The model airplane in Figure 5.6 is flying at a speed of 13.6 m/s on a horizontal circle of radius 19.1 m. The mass of the plane is 1.20 kg. The person holding the guideline pulls it in until the radius of the circle becomes 10.6 m. The plane speeds up, and the tension in the guideline becomes four times greater. What is the net work done on the plane?
To find the net work done on the plane, we first need to find the initial and final kinetic energies of the plane.
1. Initial kinetic energy (KEi):
The formula for kinetic energy is KE = 0.5 * mass * velocity^2.
Given that the speed of the plane is 13.6 m/s and the mass is 1.20 kg, we can calculate the initial kinetic energy.
KEi = 0.5 * 1.20 kg * (13.6 m/s)^2
2. Final kinetic energy (KEf):
After the plane speeds up, the tension in the guideline becomes four times greater. This means the plane maintains the same speed of 13.6 m/s but along a new circle with a smaller radius of 10.6 m.
Since the speed is the same, the final kinetic energy will also remain the same as the initial kinetic energy.
KEf = KEi = 0.5 * 1.20 kg * (13.6 m/s)^2
3. Net work done (W):
The net work done on an object is equal to the change in kinetic energy.
In this case, the change in kinetic energy is zero since the final kinetic energy (KEf) is the same as the initial kinetic energy (KEi).

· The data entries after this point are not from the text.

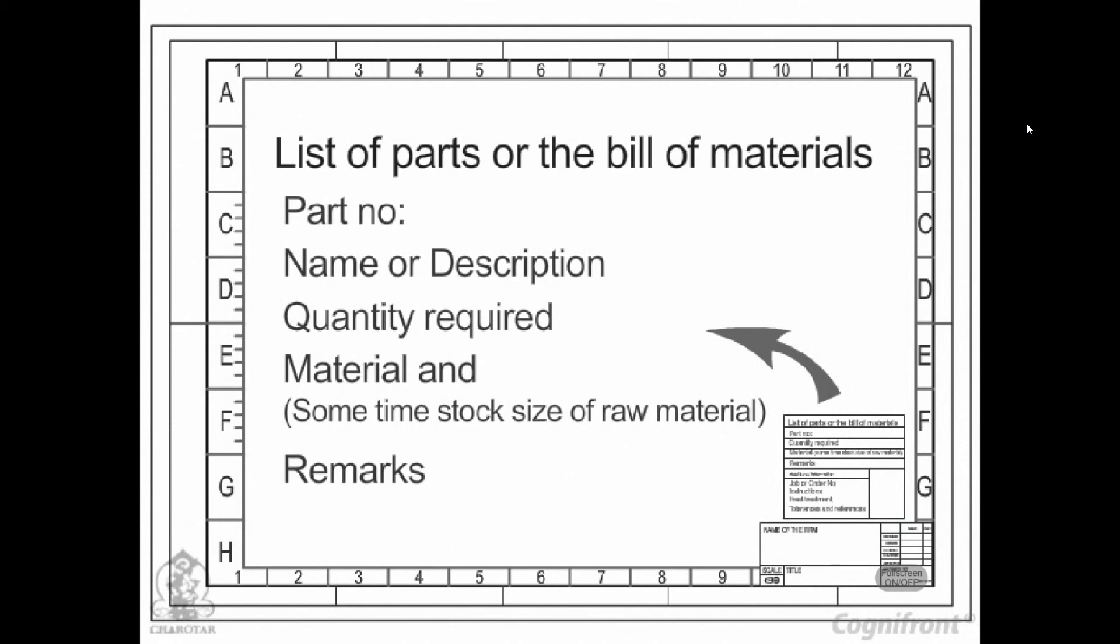a list of these parts should be placed above or beside the title block in a tabular form. It should provide the following minimum particulars for each part.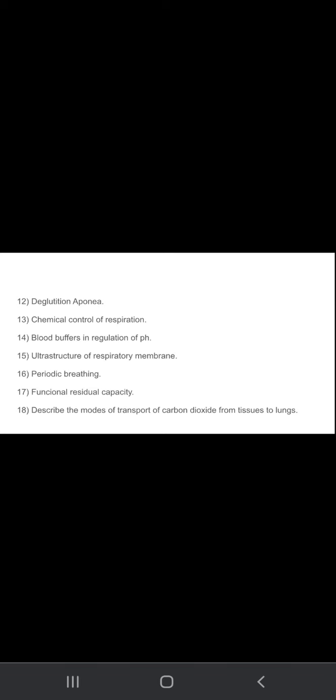Periodic breathing, functional residual capacity. Describe the modes of transport of carbon dioxide from tissues to lungs. You need to tell how the carbon dioxide is transporting from tissues to lungs.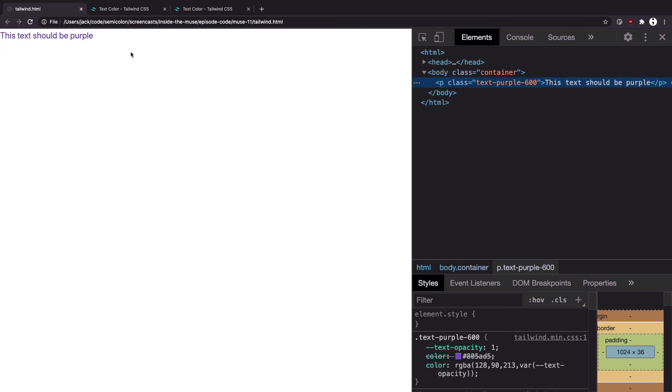This is something to look out for whenever you're googling for things online. For example you might be watching a video and it showcases code that's out of date. Or you might be looking at a Stack Overflow answer but it's from 2004. You should probably be sorting them by date in order to get the most recent stuff first.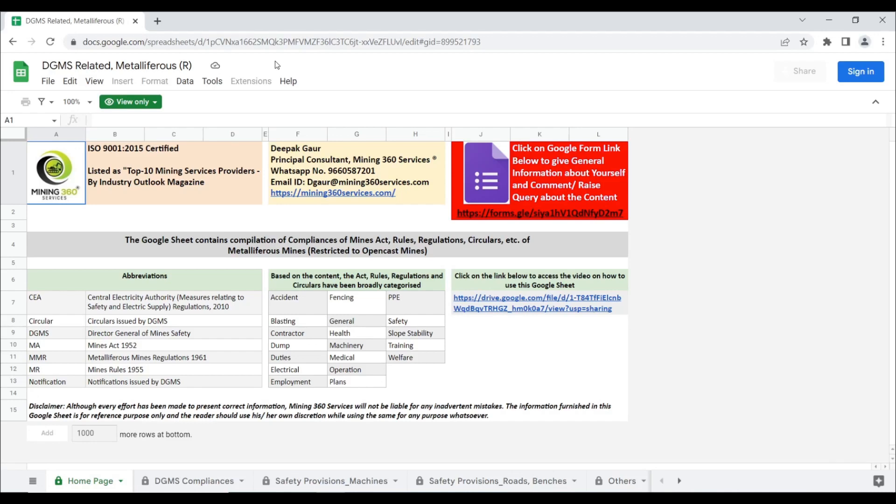Hello everyone. Further in our series on knowledge sharing, in the Google Sheet DGMS Related, we have compiled Compliances of Mines Act Rules etc. of metallic ferrous mines restricted to open cast mines.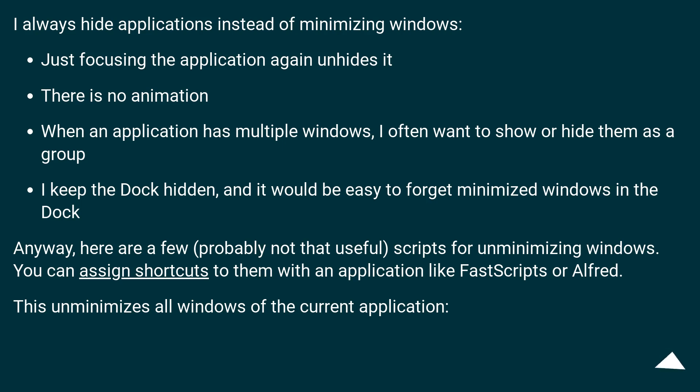Anyway, here are a few, probably not that useful, scripts for unminimizing windows. You can assign shortcuts to them with an application like FastScripts or Alfred. This unminimizes all windows of the current application.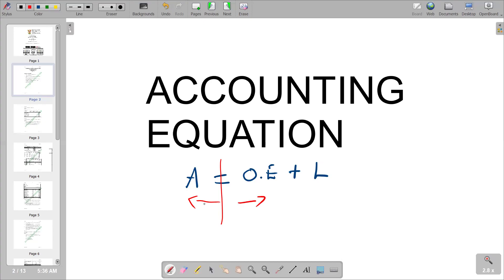Both sides should be equal. We are going to look at financial transactions whereby each transaction, according to the double entry principle, has to affect two accounts. After the two accounts are adjusted on the accounting equation, the equation should remain balanced — meaning the total of assets should equal the total of owner's equity plus liabilities.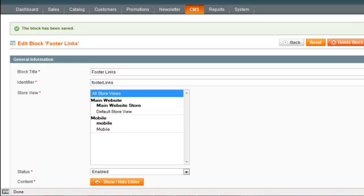Hi guys. Today I'm going to show you how to insert links to pages from inside of Static Blocks.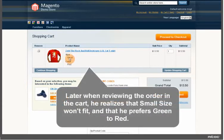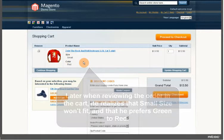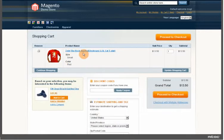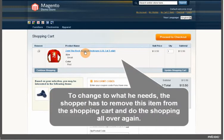Later, when reviewing the order in the cart, he realizes that small size will fit and that he prefers green to red. To change to what he needs, the shopper has to remove this item from the shopping cart and do the shopping all over again.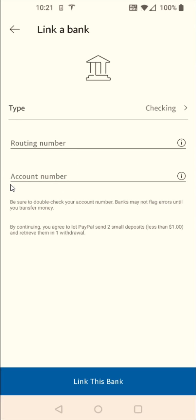And there's some different ways that you can go about finding this information. One is the bottom of a checkbook that you might have that's linked up to the checking account that you want to link. And also, if you log in to your online bank account, there's usually an area where you'll be able to find your routing and account number there as well.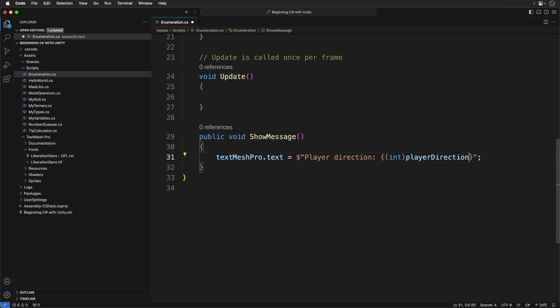The parentheses with the type indicates a casting operation. We are converting an enumeration into an integer. Thus we can access the backing value. Don't worry if casting looks a little weird. We're going to be using it a lot when working with objects. So just roll with it for now.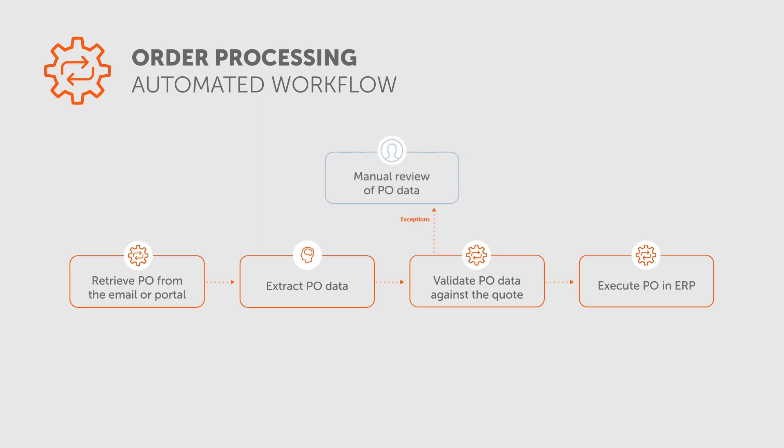If data does not match, RPA bot sends a notification to the sales rep for manual review and correction.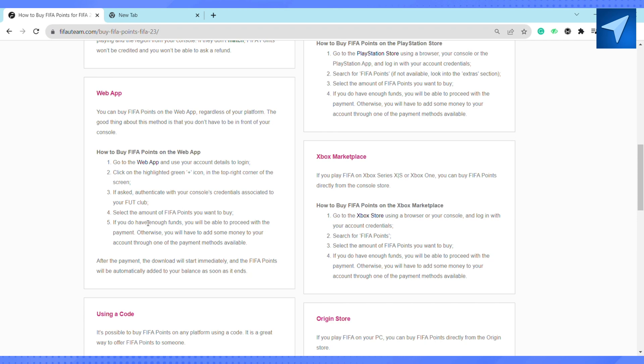If you don't have enough funds, you will be able to proceed with the payment. Otherwise, you will have to add some money to your account through one of the payment methods available. After the payment, the download will start immediately and the FIFA points will be automatically added to your balance as soon as it ends.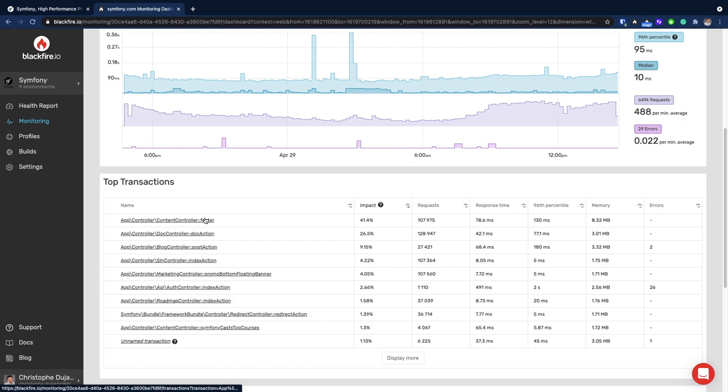By default, the list of transactions is sorted by impact. The impact represents the percentage of server resources a given transaction consumed over the total consumed in the selected time period. This can help you focus faster on transactions which are executed many times, while some slower ones have a limited impact since they are not executed that often.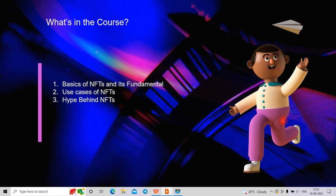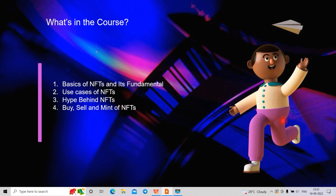Some of the common information we will cover includes how to create, how to make, how to buy and sell. And then the main question is: if you are a non-artist, how can you create an NFT? Is NFT only for artists?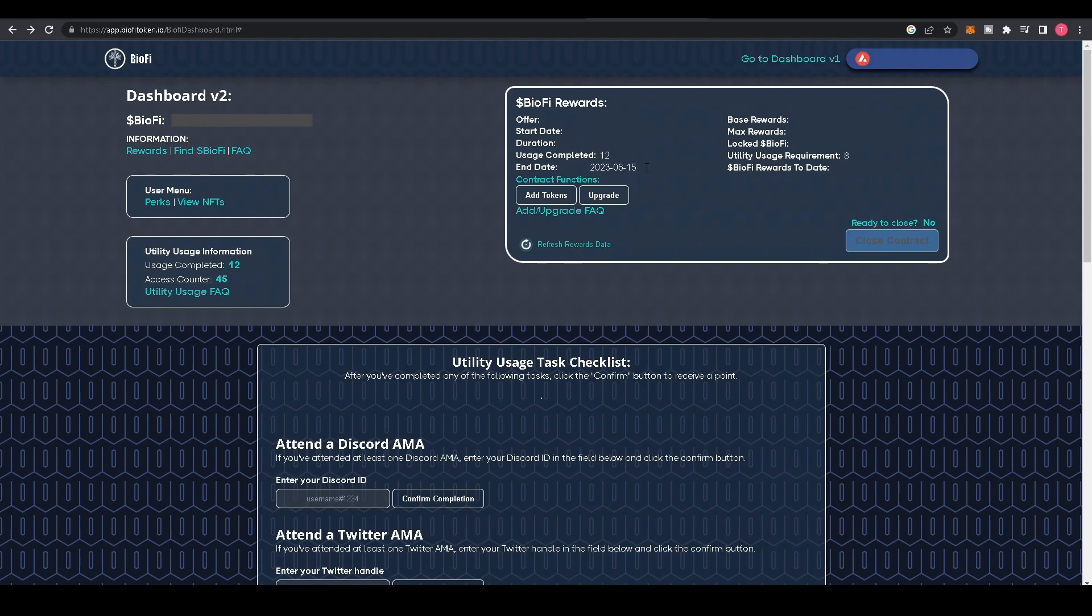On the right side, you'll see Base Rewards—these are the rewards without the utility usage requirements. Below that, you see Max Rewards—these are the rewards with the utility usage requirements completed. Below that, you see Locked BioFi—this is how much BioFi you currently have locked in your rewards tier.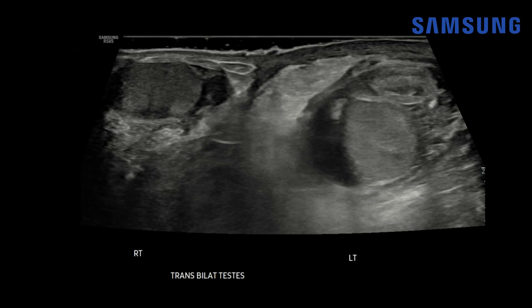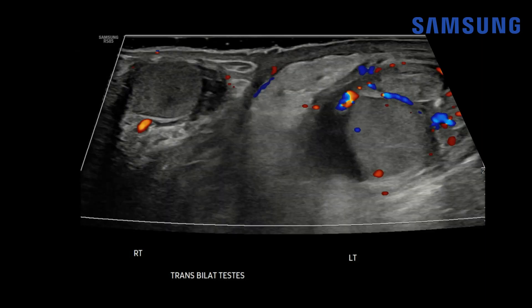Let's start with case one. This was an eight-year-old boy that presented with intermittent testicular pain for about three days. We're starting with a transverse view of the scrotum — there's the right testis and the left testis. Notice the left paratesticular tissues are heterogeneously echogenic. There's normal anterior right scrotal wall, but the left anterior scrotal wall is thickened. With color Doppler imaging, we can see there's hyperemia surrounding that left testis.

Therefore, the net work done on the plane is zero.
W = 0
So, the net work done on the plane is zero.
To determine the net work done on the plane, we need to find the change in kinetic energy of the plane.
The formula for kinetic energy is given by:
Kinetic Energy = (1/2) * mass * velocity^2
Let's start by finding the initial kinetic energy of the plane when it is flying at a speed of 13.6 m/s on a horizontal circle of radius 19.1 m.
Initial Kinetic Energy (KEi) = (1/2) * mass * velocity_initial^2
= (1/2) * 1.20 kg * (13.6 m/s)^2
Next, let's find the final kinetic energy of the plane when the radius of the circle becomes 10.6 m and the tension in the guideline becomes four times greater.
Final Kinetic Energy (KEf) = (1/2) * mass * velocity_final^2 (after the radius change)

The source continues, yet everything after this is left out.